In a trolling haze of constant online updates from friends, family, and people we don’t even know on social media, we are placed in the vortex of an inevitable comparative analysis on a daily basis. The pervasive phenomenon of FOMO, or fear of missing out, has caused each casual decision of our lives to be weighted with existential anxiety.
“What if I did decide to go to that party and the love of my life was there?”
“If only I could be out traveling the Swiss Alps with my friend Jenn, then maybe my life wouldn’t be so dull.”
The emotional impulse of FOMO has begun to transfer into even the more serious aspects of our lives, like our degrees, jobs, and other such life-long pursuits. The phenomenon especially rings true for the seasoned Facebook users that are now beginning to hone a career in the working world.
Compound that fact with the rate of less than half of US workers being satisfied with their jobs and we sure have a formula for anxious Americans desperately browsing on LinkedIn in the hope that there is a better job out there for them.
Photo courtesy of ITU Pictures.
Millennials Are Quitting Their Jobs
Millennials are more likely to quit and switch jobs than any other age group in the labor force, according to a new study on youth unemployment. The unemployment rate of American “25 – 34 year olds is about 50 percent greater than that of 45 – 54 year olds,” according to the researchers.
Martin Gervais, Associate Professor of Economics at the University of Iowa and a leading researcher from the study, spoke with BTR about the findings and implications. He discussed the greater likelihood for Millennials to voluntarily quit their positions in search of a better career opportunity.
“The point is that the fact there is a relatively high unemployment rate for young individuals does not necessarily indicate a problematic situation,” explains Gervais. “The process of finding a good job, career, [or] occupation naturally leads young individuals to go through unemployment spells.”
Gervais’ study aimed to investigate why the unemployment rate was so much higher for young individuals. Part of the research was looking into Millennials’ goals by understanding their “true calling,” or their concept of a dream job where they could be most productive.
“In reality it is much more subtle concept, but the idea is nevertheless similar, that is, some occupation that an individual is particularly suited for,” explains Gervais.
As a result, since most youth begin jobs in entry position, it is unlikely they will feel fulfilled at that lower level position, making these initial career experiences seem disparate from their “true calling.” As the evolutionary process of trial and error will bring success in animals’ adaptation, so will the navigation of many different jobs bring the possibility of eliminating Millennials’ career FOMO.
Photo courtesy of Zach Dischner.
What Millennials Say About Work FOMO
When young workers are teased by the working lives of their peers, it triggers a sense of uneasiness and dissatisfaction in their own work. Some Millennials are spurred by this FOMO reaction to make changes, whether it be starting their own business or changing jobs.
Others, however, feel burdened by the idea that what they do might never be good enough in comparison.

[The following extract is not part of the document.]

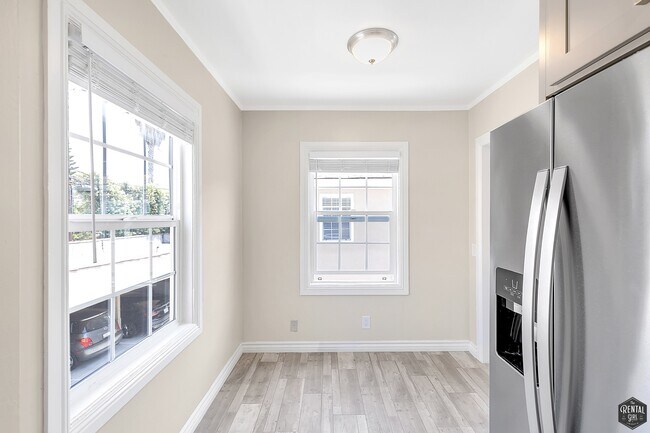 Building Photo - 8613 1/4 W. Olympic Blvd-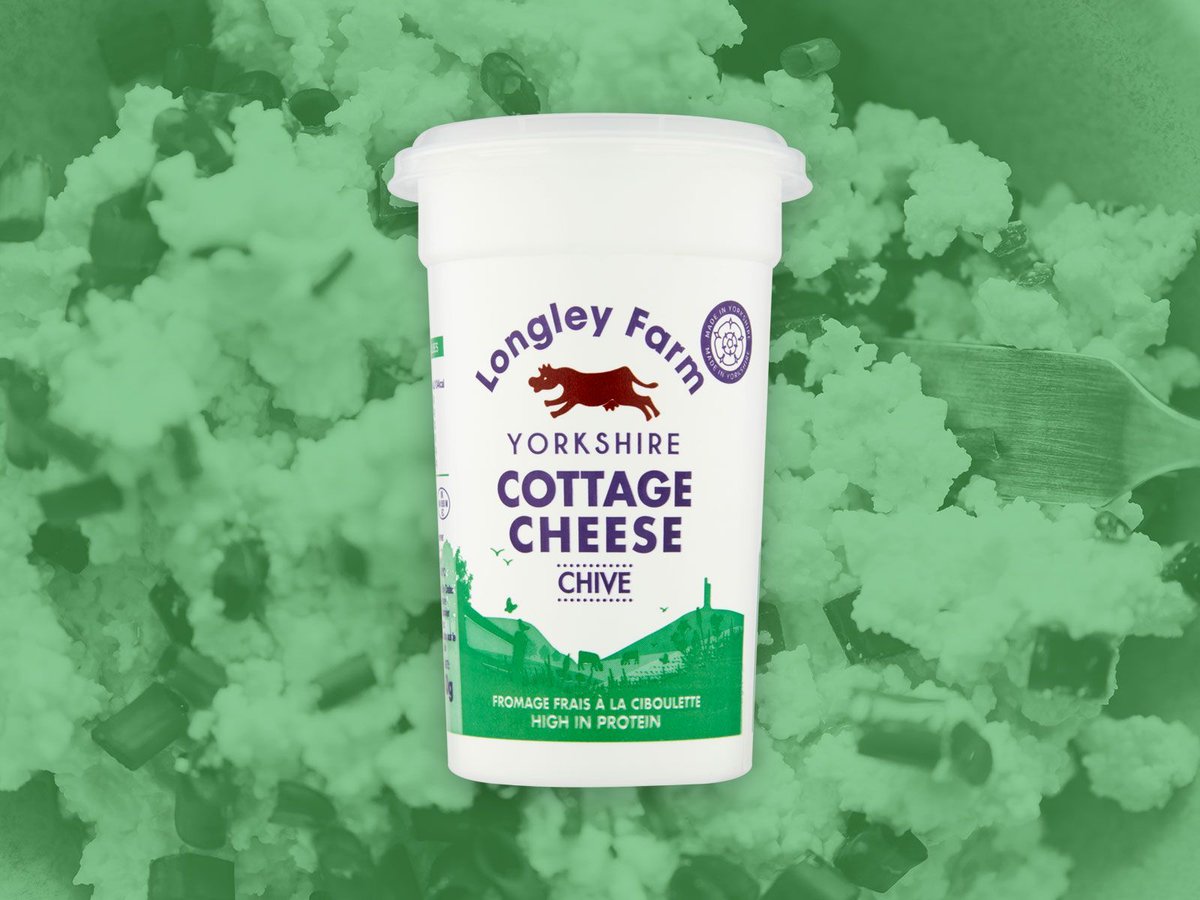 Longley Farm’s natural cottage cheese with chives is an irresistible accompaniment to a baked potato or quiche, or if you like to keep it simple - straight out of the tub! Better yet, it is also available fat free. 🆓 #HumpDay #WellnessWednesday #WackyWednesday #Milkman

“I’m lucky enough to be able to support myself and pay the bills, but I feel incredibly unfulfilled and restless while at work,” admits Erin Stoner, a 25-year-old technology recruiter at a tech company in New York City.
“This is my first ‘real’ job and right off the bat I was given a leadership position,” she explains. “While I am thankful to have been given that opportunity it doesn’t change the fact that I am bored and disengaged with my basic daily tasks.”
When asked about the role social media or FOMO has played in her overall job satisfaction, Stoner claims the fear is just another push telling her to make a change.
“I get this feeling that I don’t want to waste any more of my time doing something that makes me unhappy, however I realize I’m not alone,” professes Stoner. “So many of my friends feel the same way.”
On the other hand, there are numerous Millennials who garnered the confidence to make radical adjustments to their work life in order to disengage the hindering fear. Twenty-three-year-old Trevor Rodgers decided to quit his IT tech job entirely to pursue an entrepreneurial lifestyle and begin his own company in Boulder, Colorado.
“I got up one day and decided that was it,” describes Rodgers. “I booked a flight to Brazil a month later and began teaching yoga and English there. Now I’m starting my own health and wellness company here in Colorado.”
The change was drastic and Rodgers confesses he had to deal with negative reactions from family and friends at first. Despite criticism, he ultimately decided to go for what he thought would make him happier.
“I wasn’t going to let myself become one of those people sitting at their computer desk always feeling like they are missing out on life,” says Rodgers.
It seems the FOMO experience truly is pervasive in its existence in most places in our lives. However, it’s up to each of us as individuals to channel FOMO into something that generates positive change for the future. Otherwise, the feeling can cage us into a phobia of only imagining something greater.